A coisa não é fácil e não é como mais nenhuma outra coisa difícil. Eu não sabia ao que ia, acho que ninguém sabe. É impossível imaginá-los e a nós e ao mundo connosco. Tem tanto de extraordinário como de aterrador. Lembro-me de um jantar, no Kalpna, onde a mulher do meu chefe, mãe de três, nos confessava, e a si própria, que os momentos mais maravilhosos e os mais devastadores lhe tinham chegado com os filhos, pelos filhos.

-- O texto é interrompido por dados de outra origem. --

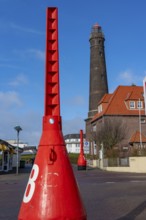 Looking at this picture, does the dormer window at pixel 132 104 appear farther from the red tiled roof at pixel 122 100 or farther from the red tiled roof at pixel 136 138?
the red tiled roof at pixel 136 138

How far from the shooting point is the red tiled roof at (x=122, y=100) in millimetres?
67562

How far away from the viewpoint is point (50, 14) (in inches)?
265

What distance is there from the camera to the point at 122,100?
7019cm

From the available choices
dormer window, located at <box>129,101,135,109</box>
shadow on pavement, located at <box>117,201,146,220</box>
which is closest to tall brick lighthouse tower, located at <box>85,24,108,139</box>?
dormer window, located at <box>129,101,135,109</box>

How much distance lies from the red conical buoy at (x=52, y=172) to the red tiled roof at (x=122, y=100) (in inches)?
2377

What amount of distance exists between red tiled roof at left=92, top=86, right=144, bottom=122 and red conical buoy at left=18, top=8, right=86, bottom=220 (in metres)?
60.4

Entre os vários serões que partilhámos (incluindo as narrativas das tentativas de depilação - dele) este é o momento que mais me ocorre. Talvez competindo com a vez em que agradeceu alegremente a garrafa de Porto privado de 1947, enquanto a limpava com um esfregão (sujinho, hem?) e vertia estrondosamente em copos de whisky.
Claro que a culpa não é dos putos, é nossa. A minha é mesmo muito minha. Muito mais minha do que de qualquer outra entidade singular ou colectiva. E o mais irritante de tudo é esta certeza de que contribuo para a propagação do equívoco, que o inflatuo e transporto, que quase o acarinho. Mil vezes estúpida. Hipoteco o humor com frustrações de cotão, (des)oportunidades pedagógicas e jantares insonsos. Culpo-me por todos os lados menos por um que é o istmo. Peninsulo-me, às vezes muito estreitinha, quase a derivar. Quero ser confiante, calma, segura, competente, alegre, sexy, divertida, inteligente e já agora ter o cabelo liso. Sou muitas vezes hesitante, instável, furiosa, desligada, olheirenta e, definitivamente, encaracolada. E isso é que é normal. Os superpoderes de almanaque trazem aos heróis uma profunda solidão.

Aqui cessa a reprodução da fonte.